ST-BME (Bionic Memory Ecology) is a **SillyTavern third-party frontend extension**. It distills the characters, events, locations, rules, plot threads, reflections, and summaries that appear over a long chat into a visual memory graph, then automatically recalls the most relevant memories and injects them into the prompt before each generation.

---

## Documentation

This README is a **slim entry point**. The details live in [`docs/`](docs/README.md):

| What you want | Where to look |
| --- | --- |
| Usage: configuration, panel, troubleshooting, storage | [`docs/usage/`](docs/usage/) |
| Architecture, control plane, data formats | [`docs/architecture/`](docs/architecture/) |
| Algorithm internals (retrieval / extraction / vectors) | [`docs/algorithms/`](docs/algorithms/) |
| How each feature works and its boundaries | [`docs/features/`](docs/features/) |
| Development, testing, contribution conventions | [`docs/contributing/`](docs/contributing/) |

Quick links: [Configuration](docs/usage/configuration.md) · [Panel guide](docs/usage/panel.md) · [Troubleshooting](docs/usage/troubleshooting.md) · [Memory model](docs/features/memory-model.md) · [History safety](docs/features/history-safety.md)

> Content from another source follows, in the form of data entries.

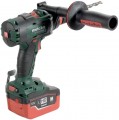 Metabo BS 18 LTX-3 BL Q I 602355650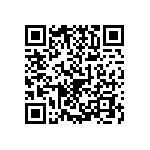 1808J2000682JDT QRCode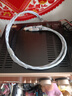 悠唐MK8600pro发烧级HiFi大功率功放机专业家用合并/后级双模式功放纯甲/甲乙类功率放大器高低音调节 MK8600pro. 实拍图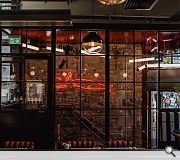Landy's Fish & Chips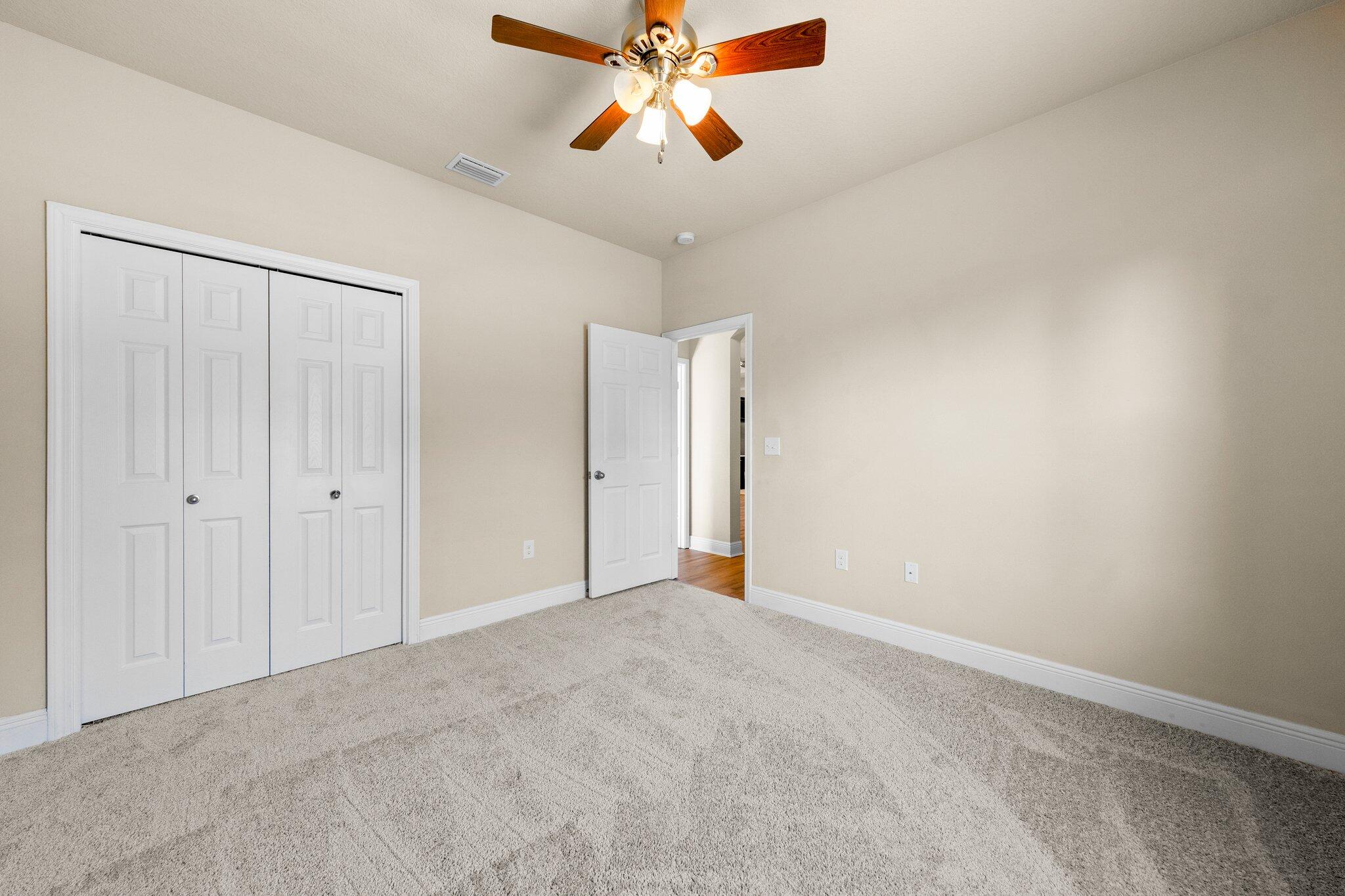 CARNEGIE HILLS PH 1 - Residential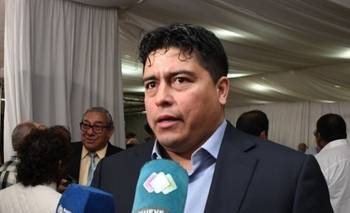 Santa Cruz: advierten que casi la mitad de la provincia no tiene trabajo | Desocupación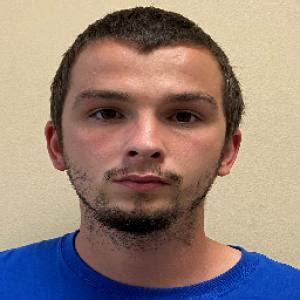 Litton Phillip A, a registered Sex Offender in Lagrange, KY 40032 at ...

> Developer docs (architecture / algorithms / features / contributing) are currently Chinese-only. The English docs cover the README and the `docs/usage/` user manual.

---

## Core capabilities

- **Automatic memory extraction** — After each AI reply, ST-BME extracts structured nodes and relations from the conversation (characters, events, locations, rules, plot threads, reflections, subjective memories), using a default two-stage objective + subjective/POV commit pipeline and excluding reasoning tags like `think`/`analysis`/`reasoning`.
- **Multi-layer hybrid recall** — Before generation, relevant memories are recalled through vector prefilter, graph diffusion, lexical boosting, multi-intent splitting, DPP diversity sampling, and optional LLM reranking; per-message persistent recall cards are supported.
- **Cognitive architecture** — Character POV / user POV / objective world memory, spatial region weighting, and a story timeline.
- **Summarization & maintenance** — Small summaries, summary rollup, reflection, consolidation, automatic compression, active forgetting — all logged and reversible.
- **Graph visualization** — A built-in canvas force-directed graph with realtime / cognitive / summary views and a mobile view.
- **Task preset system** — Extraction, recall, compression, summary, reflection, consolidation, and planning all run through a unified task profile, with regex, world info, and EJS rendering.
- **ENA Planner integration** — Pre-send story planning, integrated into the config page and the `planner` task preset.
- **Persistence & sync** — Local-first (IndexedDB), with cloud mirroring, backup/restore, rebuild, and repair.
- **History safety** — Detects message deletion / edits / swipes, automatically rolls back affected batches and recovers from the change point; protects against truncated "render only the last N" views.
- **Long-chat optimization** — Hide old turns to control tokens, limit rendered turns to reduce lag, and accelerate key computations with a Native/WASM rollout.

---

## How it works

ST-BME can be understood as three pipelines: **write** (conversation → memory), **read** (memory → injection), and **safety** (history change → recovery).

```mermaid
flowchart LR
    subgraph Write["Write: conversation → memory"]
        A["AI reply"] --> B["Structured message preprocessing"]
        B --> C["LLM objective extraction + subjective/POV extraction"]
        C --> D["Nearest-neighbor reconciliation + cognitive scoping"]
        D --> E["Write graph + vector sync + timeline"]
        E --> F["Consolidate / compress / summarize / reflect"]
    end

    subgraph Read["Read: memory → injection"]
        G["User about to generate"] --> H["Multi-intent + context-blended query"]
        H --> I["Vector prefilter + graph diffusion + lexical boost"]
        I --> J["Cognitive boundary filter + hybrid scoring"]
        J --> K["Optional LLM rerank + bucketed injection"]
    end

    subgraph Safe["Safety: history change → recovery"]
        L["Delete / edit / swipe"] --> M["Message hash detection"]
        M --> N["Locate affected turns"]
        N --> O["Roll back batches and vectors"]
        O --> P["Re-extract from the change point"]
    end

    F -.-> G
    P -.-> E
```

- **Write**: the conversation is normalized into structured messages (reasoning tags excluded by default) → the LLM emits structured graph operations → nodes are written, vectors synced, timeline updated → post-processing (consolidation, compression, summary, reflection, forgetting).
- **Read**: resolve the recall target → vector prefilter + graph diffusion + lexical boost → rank and filter by fusing multiple signals → bucketed injection into the prompt, optionally writing a persistent recall card.
- **Safety**: a hash is recorded for each processed message; when a history change is detected, ST-BME prefers rollback-and-replay from the maintenance log, falling back to a full rebuild only when a safe rollback is not possible.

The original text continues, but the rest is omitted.